Técnico da Turquia lamenta eliminação precoce, mas diz que jogadores tiveram "coração e alma"

Por Ian Ransom

SANTA CLARA, Califórnia, 19 de junho (Reuters) - O técnico da Turquia, Vincenzo Montella, disse estar chocado com a eliminação da sua seleção na Copa do Mundo nas mãos do Paraguai na madrugada deste sábado, mas não quis criticar os jogadores após mais uma noite infrutífera diante do gol.

A Turquia não conseguiu superar os sul-americanos, que terminaram a partida com dez jogadores, e perdeu por 1 x 0 apesar de 32 finalizações.
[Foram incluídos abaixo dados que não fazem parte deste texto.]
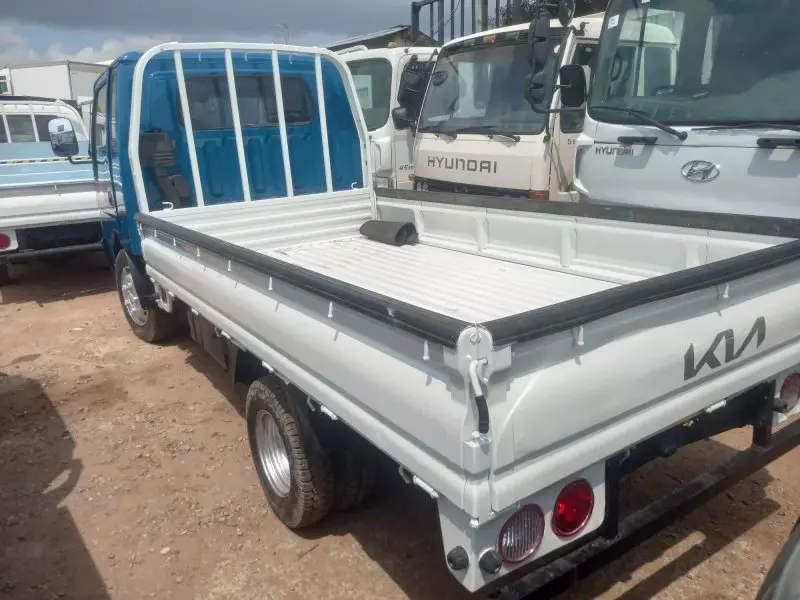 KIA Frontier   - 2013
Acabou sendo eliminada com uma partida ainda por disputar.

“Criamos as oportunidades, mas, de alguma forma, a bola não entrou”, disse o italiano Montella aos repórteres.
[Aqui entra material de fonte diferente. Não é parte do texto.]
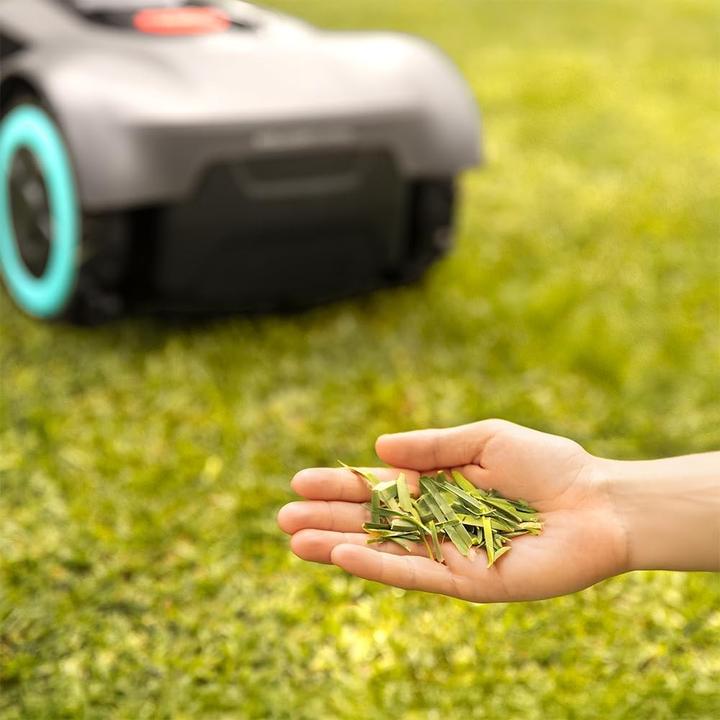Actual product image Cecotec Grasshopper 500 Map Connected Robot Mower (500 m², Boundary wire)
“O outro time aproveitou a oportunidade e marcou."

"É realmente chocante dizer adeus à Copa do Mundo depois de apenas duas partidas.”

O Paraguai marcou o gol mais rápido do torneio até agora, quando Matías Galarza chutou forte de longa distância aos 64 segundos.
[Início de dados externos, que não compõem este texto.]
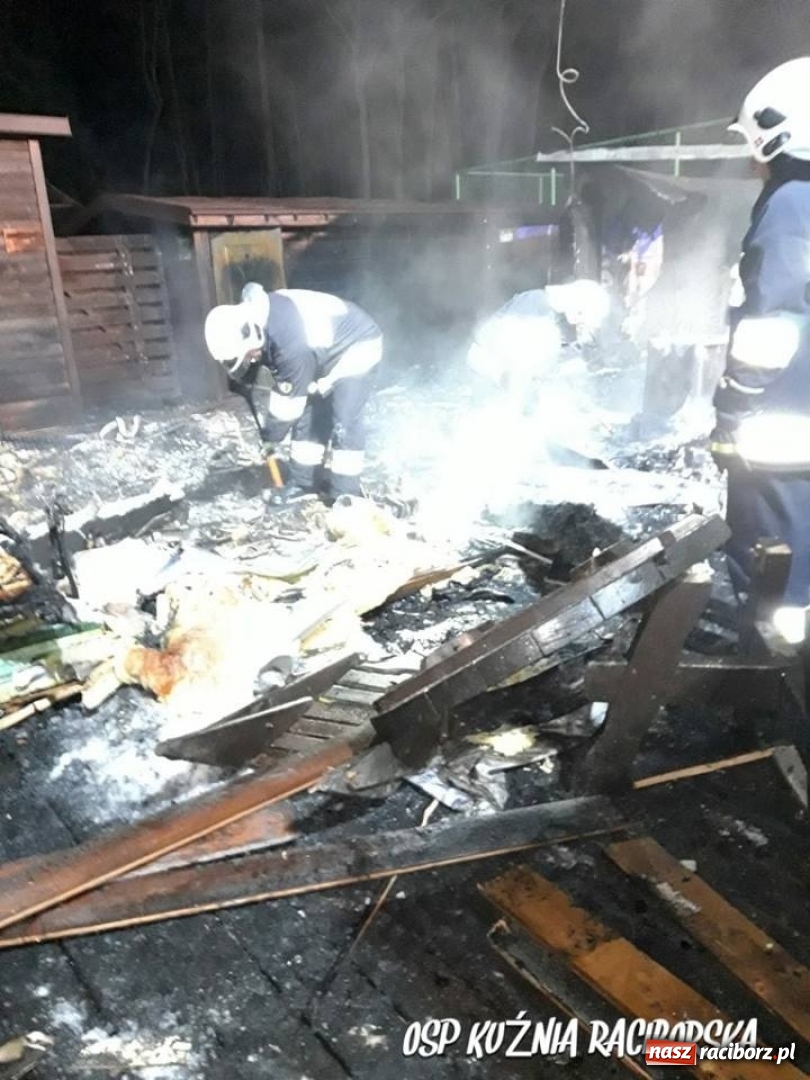 Zdjęcie w galerii na portalu naszraciborz.pl: Nocny pożar w ośrodku wypoczynkowym w Szymocicach. Paliły się pomieszczenia techniczne i kompleks SPA wiadomości z regionu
A Turquia, amplamente cotada para disputar a liderança do Grupo D com os EUA, também desperdiçou muitas chances em sua primeira partida contra a Austrália, perdendo por 2 x 0 apesar de ter desferido 30 chutes e dominado a posse de bola.

“Certamente poderíamos ter sido mais precisos, mas não me sinto em posição de culpar os jogadores”, disse Montella.

“Amo esses jogadores ainda mais do que antes, porque eles tiveram coração e alma."

“O futebol não é lógico. É isso que o torna o esporte mais bonito do mundo.”

Foi uma noite amarga para os torcedores da Turquia, 24 anos após sua última participação na Copa do Mundo, quando chegaram às semifinais de 2002 no Japão e na Coreia do Sul.

Montella disse que a Turquia precisa se classificar com mais regularidade para grandes torneios.

“Talvez, mesmo que inconscientemente, a pressão de disputar um grande torneio após uma ausência tão longa tenha nos afetado”, disse.

“Precisamos desenvolver o hábito de participar de grandes torneios. Acredito que as coisas vão melhorar a partir daí.”